Cannes, de l’humour, de l’amour, des émotions
Trois ans plus tard, Bedos fils nous revient avec un deuxième long-métrage, présenté à Cannes, hors compétition, dont l’intrigue se veut encore d’une vaste aspiration romantique. Car le réalisateur a imaginé une entreprise dirigée par Antoine (Guillaume Canet), dont le but est de faire (re)vivre à qui le veut l’époque de son choix. Pour Victor (Daniel Auteuil), dont le couple avec Marianne (Fanny Ardant) bat sérieusement de l’aile, ce sera la semaine où il a rencontré celle qui sera sa bien-aimée pour les 40 années suivantes, et qu’il ne reconnaît désormais plus.
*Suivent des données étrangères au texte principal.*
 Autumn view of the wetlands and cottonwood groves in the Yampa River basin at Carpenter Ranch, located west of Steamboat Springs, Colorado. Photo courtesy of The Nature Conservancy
Pour l’incarner, Antoine prie sa compagne éruptive Margot (Doria Tillier) de s’y atteler.
À la lecture de ce synopsis, et comme cela saute aux yeux dès les premières minutes, c’est peu de dire que les personnages sont tous des incarnations impétueuses de la vie – c’est ce qui fait que Antoine et Margot s’attirent et se repoussent continuellement –, parfois jusqu’à une cruauté déconcertante de désinvolture. Les personnages n’ont de cesse de s’invectiver, lançant des répliques vachardes à tire-larigot, parsemant le film d’un humour omniprésent et souvent surprenant, aimant à sacrifier une situation pour le bon mot.
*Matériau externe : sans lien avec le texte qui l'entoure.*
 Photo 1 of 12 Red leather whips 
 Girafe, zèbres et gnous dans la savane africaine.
Le grand retour de Daniel Auteuil
Mais, au-delà de cette dimension purement égayante, il y a des atouts de poids. Bedos sait magnifier, en premier lieu ses personnages, tous dépeints avec truculence (le protagoniste joué par Canet en particulier, auquel l’acteur apporte son charme naturel). Quant à ses acteurs, ils sont dominés par la sommité Auteuil, qu’on n’avait pas vu si juste et touchant depuis belle lurette. Mal à l’aise dans son époque et regrettant celle qui va reparaître devant ses yeux durant quelques temps, s’il est la moins tempétueuse des figures imaginées par Bedos, il est en tout cas la plus belle. Face à lui, Doria Tillier illumine l’écran ; le cinéaste parvient, durant quelques scènes, à faire d’elle un idéal féminin, face à laquelle l’on ne peut que défaillir, tomber en pâmoison.
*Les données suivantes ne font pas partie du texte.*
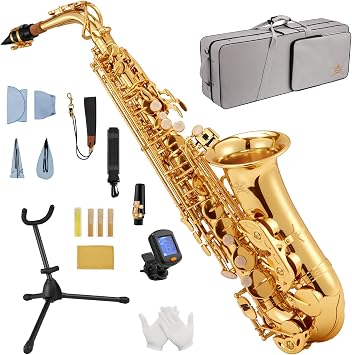 STRICH Bb Tenor Saxophone for Student Beginner, Brass Tenor Sax Kit with Hard Case Stand Neck Strap Mouthpiece and Reeds for Band School, STS-130G, Gold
In fine, la Belle époque est l’affirmation d’un réalisateur prometteur
Ayant totalement quitté le devant de la caméra – laissant un petit rôle à Pierre Arditi, comme un coq en pâte dans l’univers du réalisateur –, Nicolas Bedos s’ingénie à donner du corps à sa mise en scène, et y parvient haut la main : son œuvre est belle, les couleurs élégantes, et Nicolas Bedos se laisse même aller à quelques mouvements de caméra difficultueux qui tapent dans la rétine. En outre, à l’image d’un récit qui entremêle les époques, son montage est d’une grande vivacité, superposant paroles et séquences, et maniant l’ellipse avec talent – sur fond de Alain Souchon de surcroît, ce qui ne gâte rien.